Ibovespa dispara mais de 2% com impulso de commodities e balanços

A quarta-feira (22) entregou uma das sessões mais animadoras do mês para o mercado financeiro brasileiro. Em um dia marcado pela entrada em vigor oficial das novas tarifas de 25% impostas pelos Estados Unidos, a Bolsa de Valores nacional surpreendeu e registrou uma forte arrancada, impulsionada pelo ingresso de capital estrangeiro e por resultados operacionais brilhantes de grandes empresas brasileiras.
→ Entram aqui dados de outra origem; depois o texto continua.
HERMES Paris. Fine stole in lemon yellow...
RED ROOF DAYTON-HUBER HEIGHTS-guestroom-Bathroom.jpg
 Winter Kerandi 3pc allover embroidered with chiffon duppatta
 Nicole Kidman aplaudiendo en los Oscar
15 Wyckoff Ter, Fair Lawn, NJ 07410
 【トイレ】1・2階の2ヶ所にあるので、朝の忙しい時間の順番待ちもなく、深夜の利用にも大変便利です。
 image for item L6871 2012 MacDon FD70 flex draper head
Com o apoio das commodities e do setor bancário, o Ibovespa disparou 2,44%, aos 177.547,57 pontos, fazendo o seu acumulado no mês de julho saltar para +3,21%.

O otimismo interno se refletiu com força no câmbio, onde o dólar comercial recuou pelo terceiro dia seguido, caindo para a casa de R$ 5,051. Por outro lado, as bolsas em Nova York fecharam em leve baixa, andando de lado enquanto aguardavam a divulgação dos balanços das gigantes de tecnologia e monitoravam a disparada do petróleo no exterior. Na renda fixa brasileira, o avanço das cotações energéticas internacionais e das taxas americanas fez os juros futuros (DIs) fecharem em alta por toda a curva, reacendendo a importância do planejamento atuarial nas carteiras.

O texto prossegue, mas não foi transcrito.